創造力や人格関係という「神のご性質」に造られた人間への神の期待は何だったのだろう。「『神の国』に行けますように」という祈りではなく、「『神の国』が来ますように」と教えてくださったキリストが、人に願ったことは何だったのだろう。
聖書は繰り返し、どうしようもない者を驚くべき恵みで呼び出し、みわざに関わるように招いて託される神の歴史上の導きとご計画を物語っている。
私たちは、この地上に「神の国」が近づくために呼び出された。これを可能にするのは、「永遠のいのち」を与えられていることを、この地上で実践する生き方だ。
それは、キリストが生きたように天の父の意志を自分の意志で選び取り、隣人を愛すること。地域と世界の隣人が、神の与えたその人独自の賜物と可能性を開花させ、社会の欠かせない一員として生きることができるように支援すること。

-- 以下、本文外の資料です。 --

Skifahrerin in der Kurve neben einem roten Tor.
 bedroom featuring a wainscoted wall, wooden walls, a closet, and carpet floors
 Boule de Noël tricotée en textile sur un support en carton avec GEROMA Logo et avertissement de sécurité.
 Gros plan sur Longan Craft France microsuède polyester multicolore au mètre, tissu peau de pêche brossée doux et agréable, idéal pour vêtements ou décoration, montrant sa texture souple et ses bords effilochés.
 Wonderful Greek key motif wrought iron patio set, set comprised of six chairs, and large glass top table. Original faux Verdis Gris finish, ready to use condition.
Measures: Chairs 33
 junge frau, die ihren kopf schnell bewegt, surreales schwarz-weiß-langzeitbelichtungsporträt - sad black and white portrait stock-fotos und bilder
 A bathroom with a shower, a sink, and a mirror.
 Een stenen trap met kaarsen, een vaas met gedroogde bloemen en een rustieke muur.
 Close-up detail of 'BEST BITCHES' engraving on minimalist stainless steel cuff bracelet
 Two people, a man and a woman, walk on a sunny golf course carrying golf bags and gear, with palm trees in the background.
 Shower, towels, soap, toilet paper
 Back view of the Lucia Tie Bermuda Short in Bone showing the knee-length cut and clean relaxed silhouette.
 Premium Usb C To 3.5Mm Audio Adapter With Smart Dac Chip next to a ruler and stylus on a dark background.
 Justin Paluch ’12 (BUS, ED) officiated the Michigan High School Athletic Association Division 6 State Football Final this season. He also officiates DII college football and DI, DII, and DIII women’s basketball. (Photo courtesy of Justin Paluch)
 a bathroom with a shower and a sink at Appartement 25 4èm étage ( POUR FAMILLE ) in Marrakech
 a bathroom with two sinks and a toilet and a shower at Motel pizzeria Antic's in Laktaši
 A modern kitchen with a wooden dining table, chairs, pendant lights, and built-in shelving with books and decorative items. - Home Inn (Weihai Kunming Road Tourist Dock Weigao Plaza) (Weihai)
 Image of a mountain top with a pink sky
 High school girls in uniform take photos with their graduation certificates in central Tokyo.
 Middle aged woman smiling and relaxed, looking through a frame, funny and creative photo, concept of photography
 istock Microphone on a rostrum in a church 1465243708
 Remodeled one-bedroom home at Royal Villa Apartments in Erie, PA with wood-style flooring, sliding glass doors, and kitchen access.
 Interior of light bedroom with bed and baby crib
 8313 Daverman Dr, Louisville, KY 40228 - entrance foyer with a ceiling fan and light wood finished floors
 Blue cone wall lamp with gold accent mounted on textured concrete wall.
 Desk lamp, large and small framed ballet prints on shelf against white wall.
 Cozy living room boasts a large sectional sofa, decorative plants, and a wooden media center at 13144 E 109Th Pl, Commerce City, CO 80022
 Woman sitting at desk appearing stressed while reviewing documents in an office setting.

個人レベルの善いわざに留まらず、経済活動(企業も家庭も)、地域社会、政策立案で神が願われるように人が成長する聖書の原則を組み入れた制度を提案し、実践すること。
「目先の損」を選ぶとは、「効率」を超えて、こうして生きることだと信じたい。
そのとき、私たちは神から力を与えられ(エンパワーされて)無力感を突破するだろう。「キリストの体」である地域教会は、まさにその「先駆け」モデルになることを期待されている。
これは実現可能だろうか。
私たちはその答えを知っている。2011年の「今」、「そのときが来た!」と呼びかけられているのだから。